# E450 2.3JTD MPG Tax and MOT question



## Pen-N-Lens

Hello all, my partner and I are thinking of purchasing a Fiat Ducato Bessacarr E450 2.5l motorhome. We have trawled through the internet but have yet to find any information on expected MPG. Can anyone tell us what would should expect to achieve and also the fuel capacity of the vehicle. We checked insurance and have been quoted £251. I am quite happy with this quote. Also, what would we expect to pay for an MOT and tax.

Regards, Lens


----------



## blongs

If it has got an overcab bed expect 23/24 mpg in a combination of roads with a max speed of about 60. I generally get this with an overcab and the same engine (if yours is a 2006 or earlier) and I don't go much passed 60 on the motorways.

My tax is £205 a year at the moment, just renewed a few days ago.

MOTs are a Class4 and the same prices as cars, maximum £54 (i think its £54 at the moment)

You might need to go to a place with a high roof/doors and not your normal garage though. I used a 4x4 specialist near us for this MOT.

Ben


----------



## Hydrocell

*Vans & MPG*

Hi Lens
First thing you need to conceder is what type of layout would suite you and Pen, do you want a MH with fixed bed, rear lounge, a dinette or one with a drop down bed there are so many layout make and modules, before you buy make a list of things you want.
We have had five vans in six years and we our just about to get a new Rapido 9048df, our current van is a Autotrail Apache 643L this has an end lounge very comfortable, it has a over cab bed which we us for storage, the biggest bug bear for us is that the front of the van in the winter months is always freezing we have a screen cover and put up a lined curtain the other thing is having to turn the lounge in to a bed.
We have tried a Autotrail Cheyenne with a fix bed the only problem there is that the bed take up to much of the living area and we still had the problem of the front being very could in winter so although you need to consider the MPG and so on you need to build in all the other factors, I'm not trying to put you off but it could save a lot of money in the long run and by the way it's the best thing we have ever dune buying a Motorhome.

Now to MPG if you have a MH with a over cab bed you'll get around 23 to 26 mpg at best if however you have a low profile it is possible to get between 30 to 35 mpg.
The thing to consider is your drive in style if you have a led right foot you will never achieve the fingers above.

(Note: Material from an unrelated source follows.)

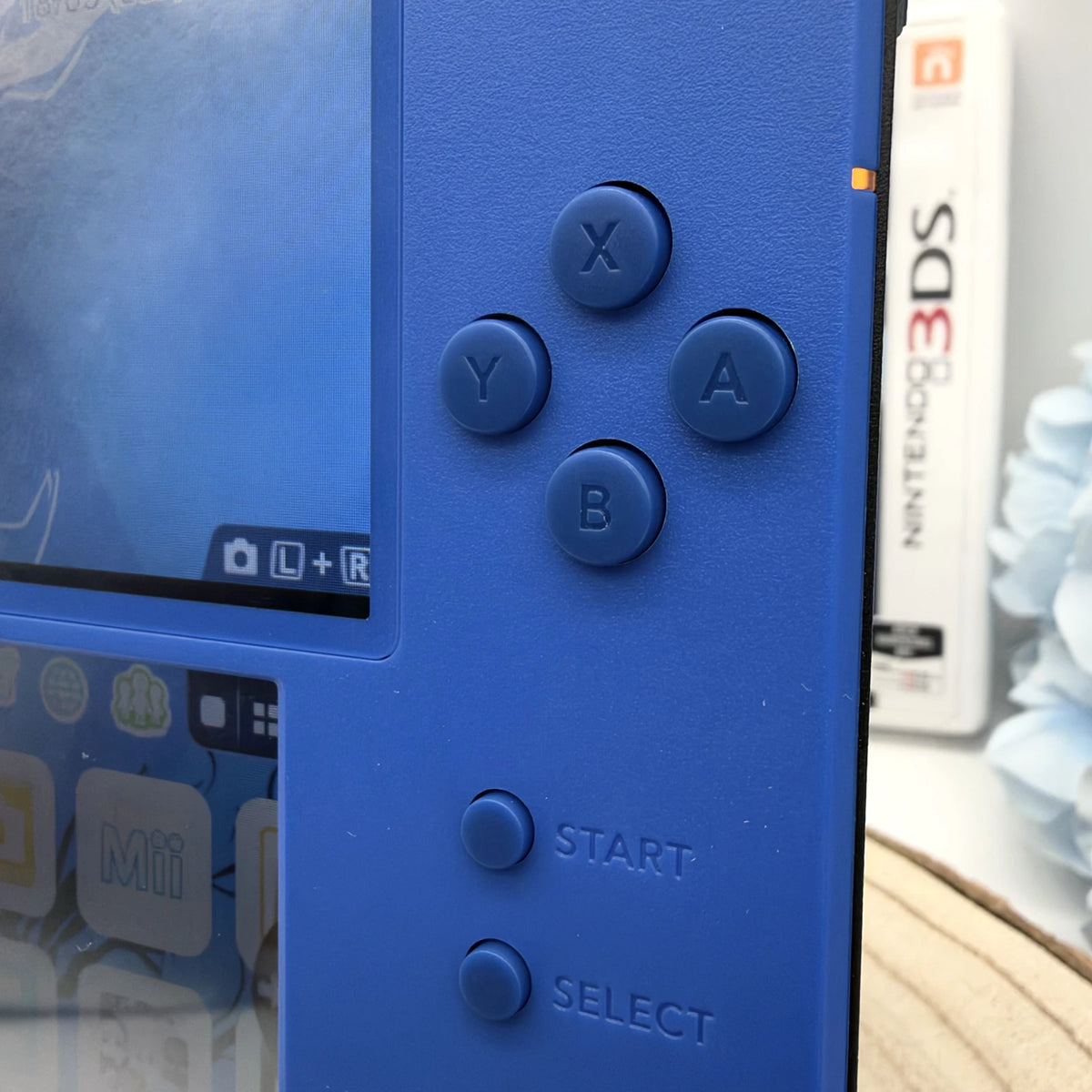 Nintendo 2DS in komplett Blau – Nahaufnahme der A-, B-, X- und Y-Tasten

Tax this year cost me £205 a standard MOT price for me locally is around £60 if you buy a new van then there is no MOT for the first three years.

I'm sorry for dragging it out but the more information you get the better it is to make the right decision.

Regards
Ray :?:


----------



## Pen-N-Lens

blongs said:


> If it has got an overcab bed expect 23/24 mpg in a combination of roads with a max speed of about 60. I generally get this with an overcab and the same engine (if yours is a 2006 or earlier) and I don't go much passed 60 on the motorways.
> 
> My tax is £205 a year at the moment, just renewed a few days ago.
> 
> MOTs are a Class4 and the same prices as cars, maximum £54 (i think its £54 at the moment)
> 
> You might need to go to a place with a high roof/doors and not your normal garage though. I used a 4x4 specialist near us for this MOT.
> 
> Ben


Thanks Ben and Ray, the model we are looking at is a 2 berth without the overcab bed. It has the fixed bed in the back only. We viewed one at a dealers yesterday who said to expect 25-30mpg but we thought it best to join a hardened touring forum  to get details from owners. Cheers, Lens


----------



## Hydrocell

Hi Lens

Is it a 130 Multijet engine .


----------



## Pen-N-Lens

Hydrocell said:


> Hi Lens
> 
> Is it a 130 Multijet engine .


Not sure Hydrocell, there was an ad on Autotrader for an E450 we liked the look of but it seems to have disappeared. Been trying to contact the seller without any success.

:?: :?: :?:

Lens


----------



## Hydrocell

Hi Lens

The reason for the query was simply if you are thinking of buying any MH regardless of make if it’s based on a newer style Fiat cab i.e. 2006 onward it will have a Multijet engine 100/130 or 160 if you get one of theses make sure when you test drive it try reversing up an incline if it judders then it needs to be sorted this has been a major problem between engine and gearbox.
This problem has been well documented and all suppliers are aware of the problem so don’t let anyone tell you any different.
However if you get with out this fault it will be fine I’ve had three with 130 multijet engines and they have been great unit especially with the sixth gear really nice and smooth with good performance.

I hope this helps

Regards 
Ray


----------



## bmb1uk

Pen-N-Lens said:


> Hello all, my partner and I are thinking of purchasing a Fiat Ducato Bessacarr E450 2.5l motorhome. We have trawled through the internet but have yet to find any information on expected MPG. Can anyone tell us what would should expect to achieve and also the fuel capacity of the vehicle. We checked insurance and have been quoted £251. I am quite happy with this quote. Also, what would we expect to pay for an MOT and tax.
> 
> Regards, Lens


Hi we have brought a e450 just before christmas and we are very pleased with it ,as for mpg ,i just dont worry, or i would give up, we just enjoy the freedom, We would like to have had the bigger e760, we will carry on looking regards BAZ.


----------



## sheringham

We bought our current 2/H Mh last February and I decided to keep a spreadsheet on cost and performance for the year. There is nothing that is confidential so I attach it in entirity.
As can be seen a variety of roads, motorways, autobahns, peages as well as altitude was experienced. Only vehicle related costs are considered.
I am very pleased with the E450...

Ron


----------



## sheringham

The FW tank capacity is 82 litres and the WW tank is 80 litres. Road Tax £205 and MOT £54.50

Ron


----------